On Jan. 18, 2021, as the U.S. celebrated Martin Luther King Jr. Day, a particularly pertinent quote supposedly written by the famed civil rights leader about the importance of education started circulating on social media:

This is a genuine quote from King.

This quote comes from an article King wrote for the Morehouse College student newspaper, “The Maroon Tiger,” in February 1947, entitled “The Purpose of Education.” The relevant excerpt from this article appears below:

Education must also train one for quick, resolute and effective thinking. To think incisively and to think for one’s self is very difficult. We are prone to let our mental life become invaded by legions of half truths, prejudices, and propaganda. At this point, I often wonder whether or not education is fulfilling its purpose. A great majority of the so-called educated people do not think logically and scientifically. Even the press, the classroom, the platform, and the pulpit in many instances do not give us objective and unbiased truths. To save man from the morass of propaganda, in my opinion, is one of the chief aims of education. Education must enable one to sift and weigh evidence, to discern the true from the false, the real from the unreal, and the facts from the fiction.

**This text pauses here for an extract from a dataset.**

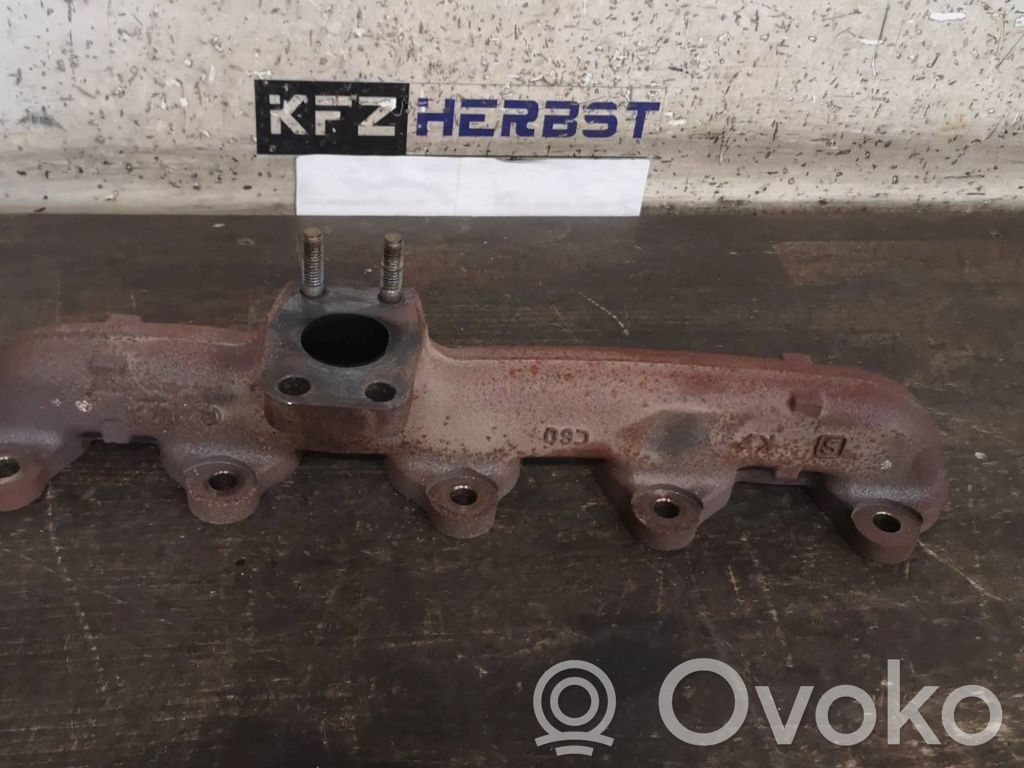Ford Mondeo MK V Išmetimo kolektorius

The function of education, therefore, is to teach one to think intensively and to think critically. But education which stops with efficiency may prove the greatest menace to society. The most dangerous criminal may be the man gifted with reason, but with no morals.

King wrote that one of the chief aims of education is to “save man from morass of propaganda” and enable individuals to “to discern the true from the false, the real from the unreal, and the facts from the fiction.”

This quote may have felt particular relevant to readers in 2021 as it was circulated in the days following an attack on the U.S. Capitol that was spurred on, in large part, by a disinformation campaign falsely claiming that the presidency had been “stolen” from Donald Trump by means of election fraud.